» **Dataset extract**

============================================================

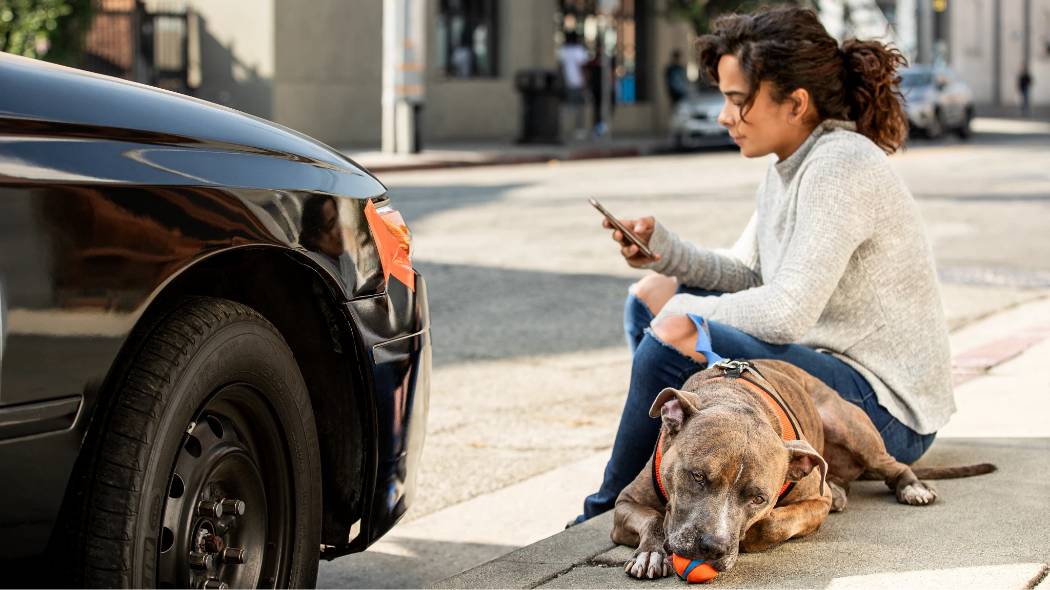 Una mujer en su teléfono sentada junto a su perro canelo grande y un automóvil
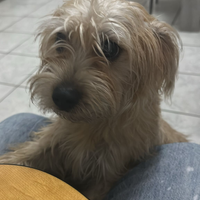 Cagnolino tg piccola 12 mesi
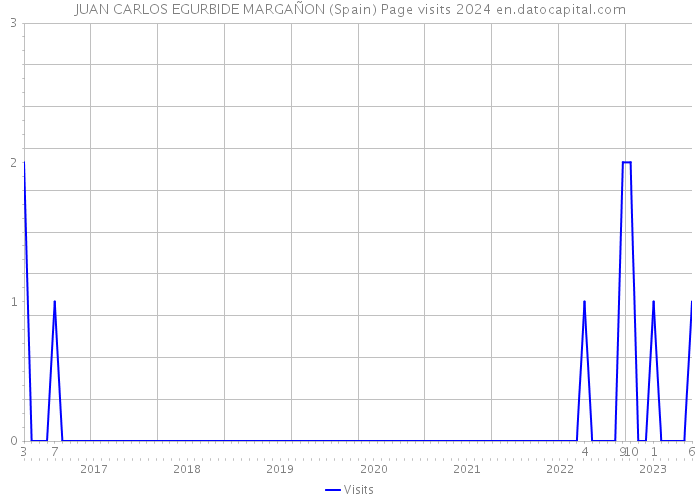 JUAN CARLOS EGURBIDE MARGAÑON (Spain) Page visits 2024 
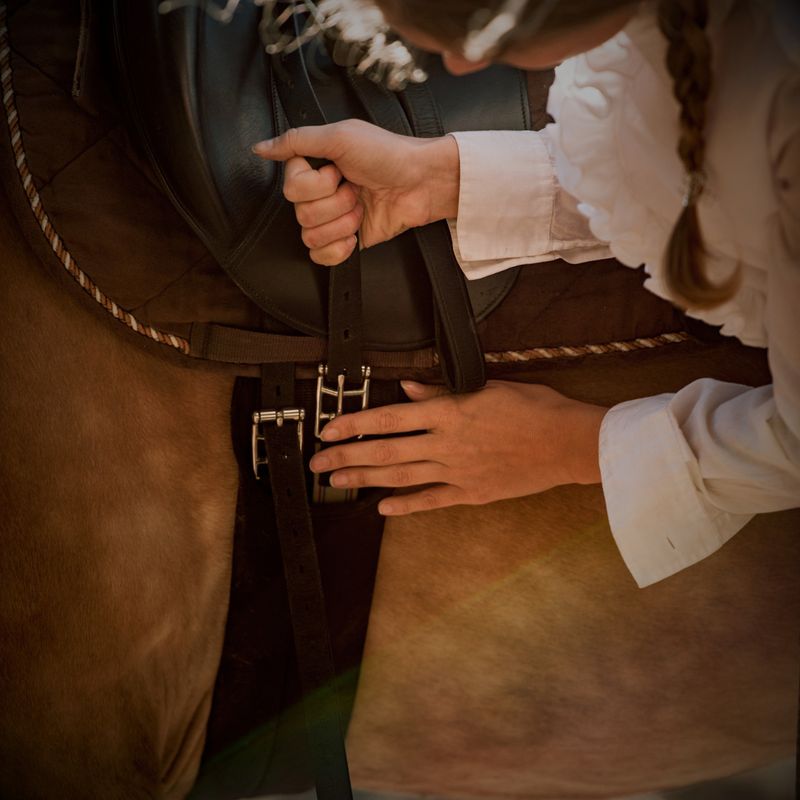 Cinches &amp; Accessories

============================================================

» **Requirement**
Beginning with the line that contains "Cagnolino tg piccola 12 mesi" in the data above, please copy each line exactly until the last line, both ends included, skipping any pictures.

» **Response below**
 Cagnolino tg piccola 12 mesi
 JUAN CARLOS EGURBIDE MARGAÑON (Spain) Page visits 2024 
 Cinches &amp; Accessories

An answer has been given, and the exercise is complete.